[Dataset records]
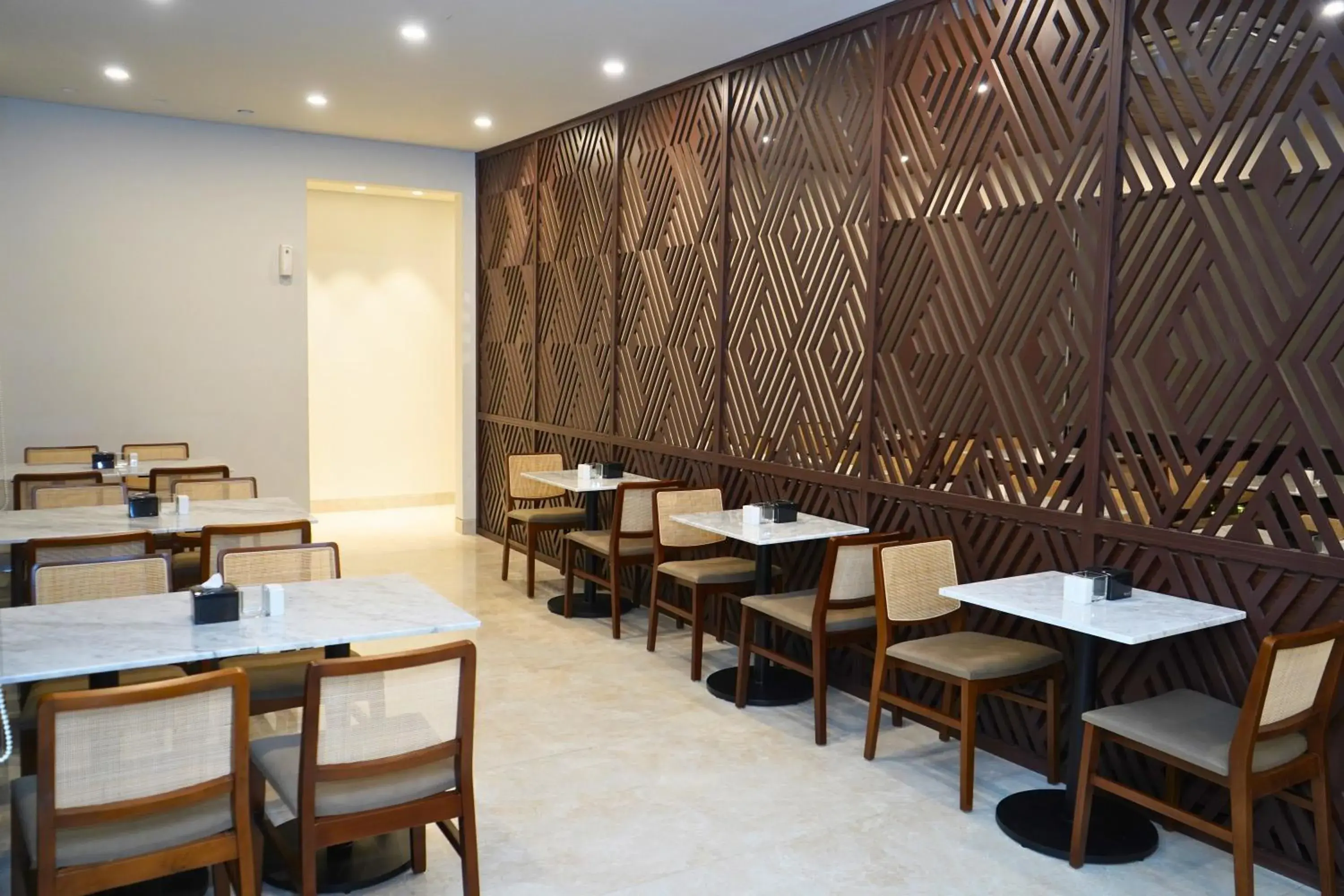 Restaurant/places to eat in Azana Garden Hill Resort Blora Restaurant/places to eat in Azana Garden Hill Resort Blora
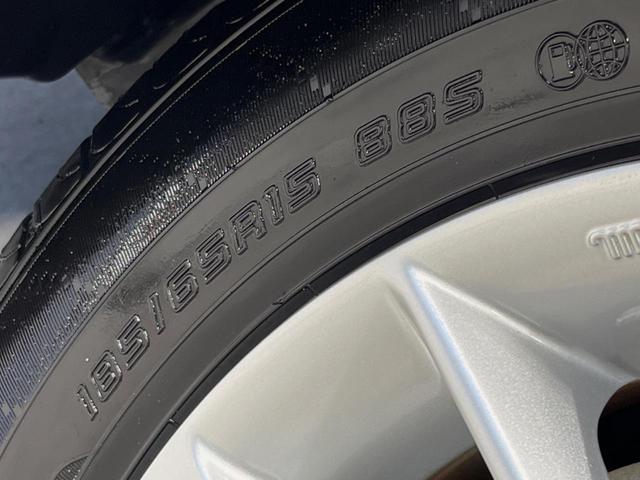 ノート ｅ－パワー　メダリスト　純正ナビ　全周囲カメラ　衝突被害軽減システム　ハーフレザーシート　コーナーセンサー　スマートキー　ＬＥＤヘッド　ＥＴＣ　純正１５インチアルミ　オートライト　オートエアコン　ドラレコ（52枚目）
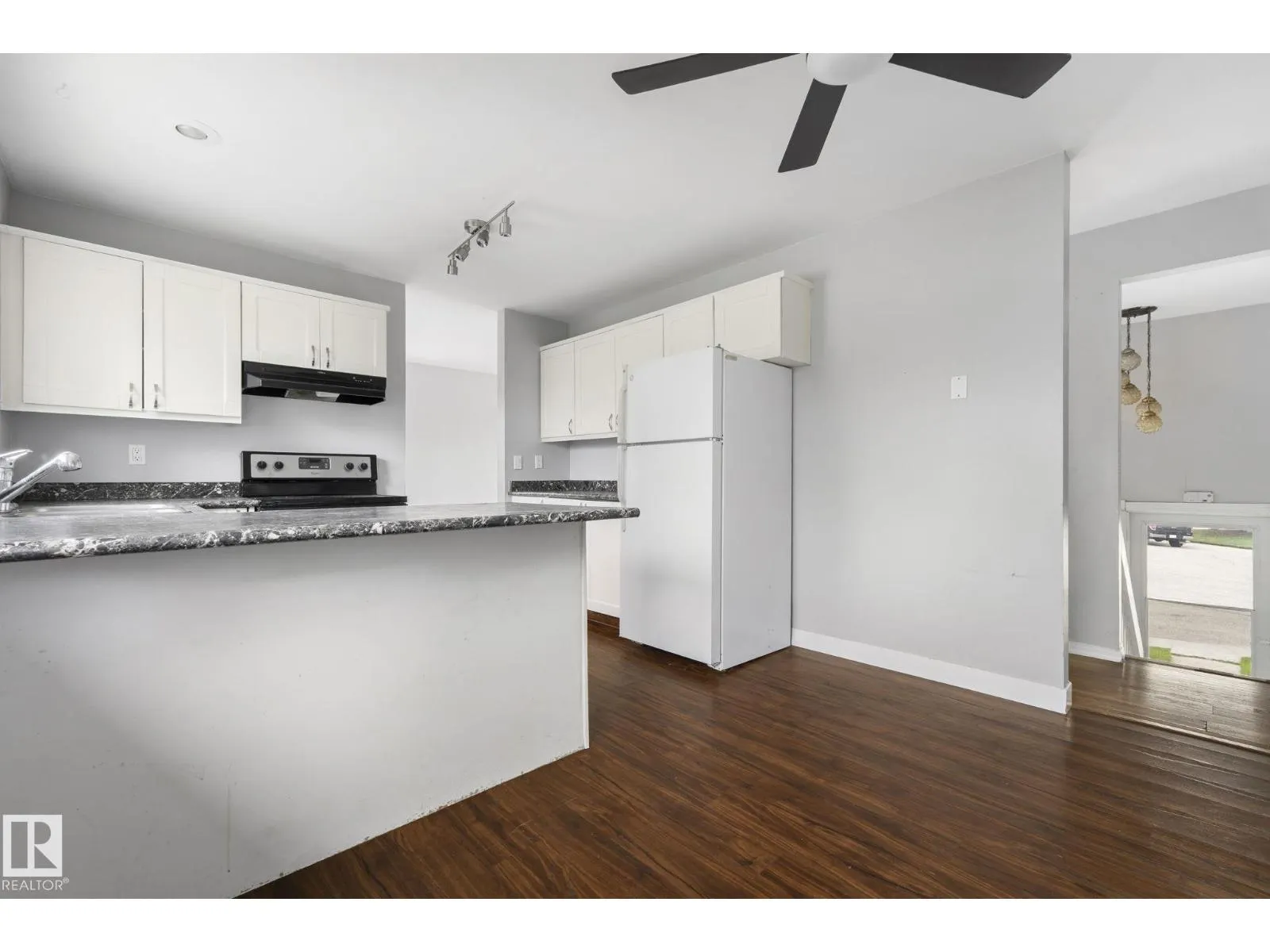 6 CAMPBELL CRES E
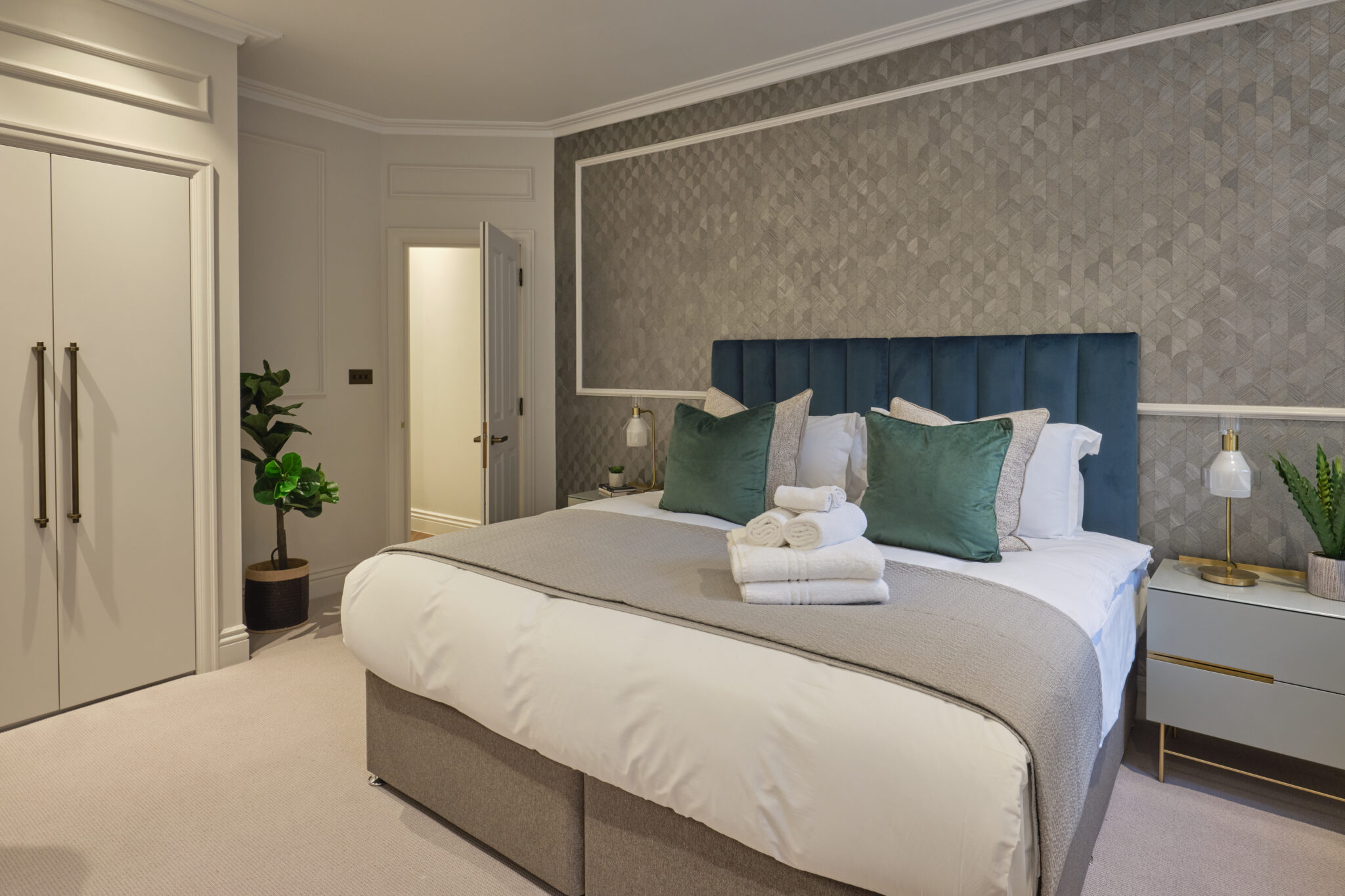 Luxury Mayfair Serviced Accommodations Darley House Immaculate interiors,high-end amenities,and prime location and Wi-Fi included as standard. Book Now With Urban Stay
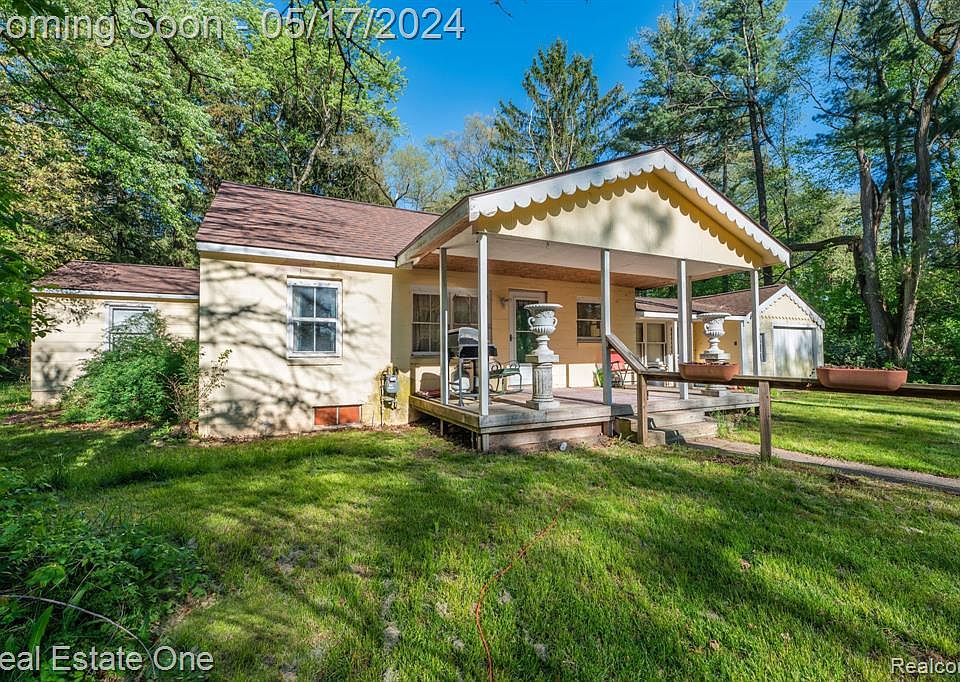 5375 Pleasant Valley Rd, Brighton, MI 48114 MLS 20240032162 Zillow
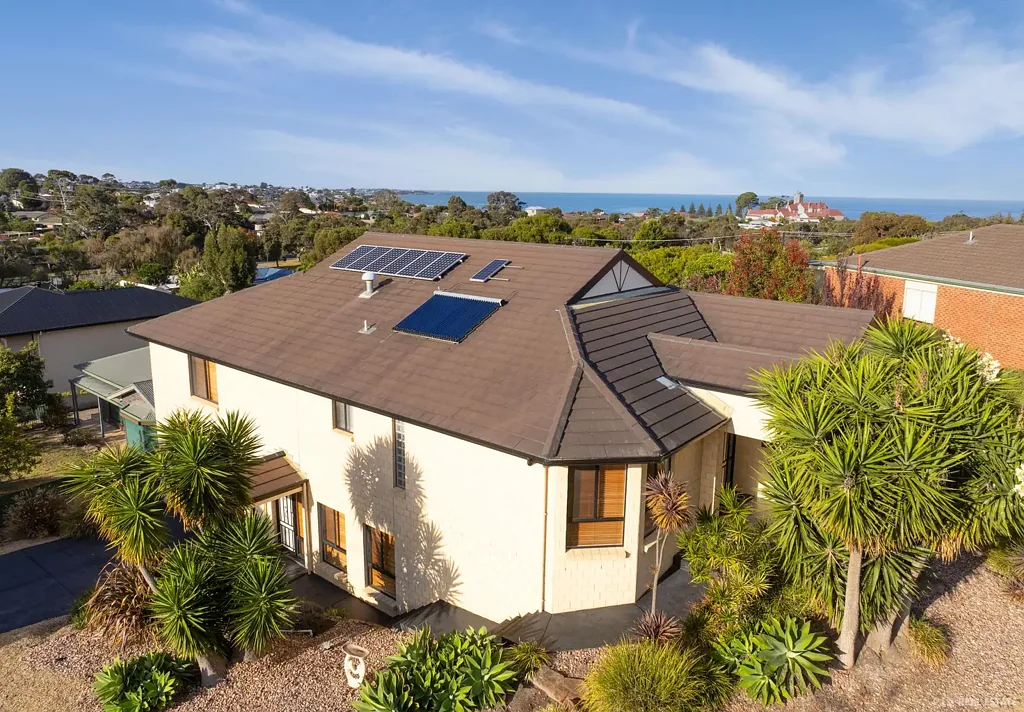6 Tudor Avenue, Victor Harbor, SA 5211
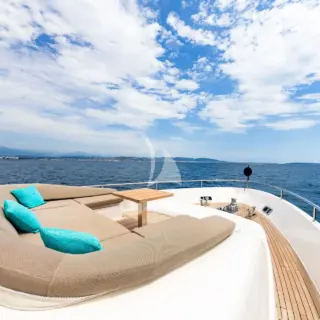 Front deck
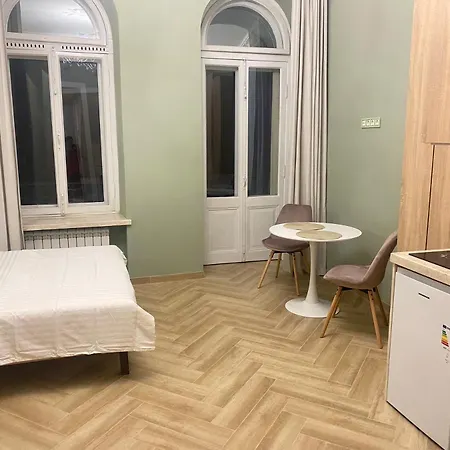 Apartahotel апарт-готель в центрі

▶ Exercise prompt: Repeat the records above word for word, keeping no pictures in the copy.

▶ Response to this task:
 Restaurant/places to eat in Azana Garden Hill Resort Blora Restaurant/places to eat in Azana Garden Hill Resort Blora
 ノート ｅ－パワー　メダリスト　純正ナビ　全周囲カメラ　衝突被害軽減システム　ハーフレザーシート　コーナーセンサー　スマートキー　ＬＥＤヘッド　ＥＴＣ　純正１５インチアルミ　オートライト　オートエアコン　ドラレコ（52枚目）
 6 CAMPBELL CRES E
 Luxury Mayfair Serviced Accommodations Darley House Immaculate interiors,high-end amenities,and prime location and Wi-Fi included as standard. Book Now With Urban Stay
 5375 Pleasant Valley Rd, Brighton, MI 48114 MLS 20240032162 Zillow
6 Tudor Avenue, Victor Harbor, SA 5211
 Front deck
 Apartahotel апарт-готель в центрі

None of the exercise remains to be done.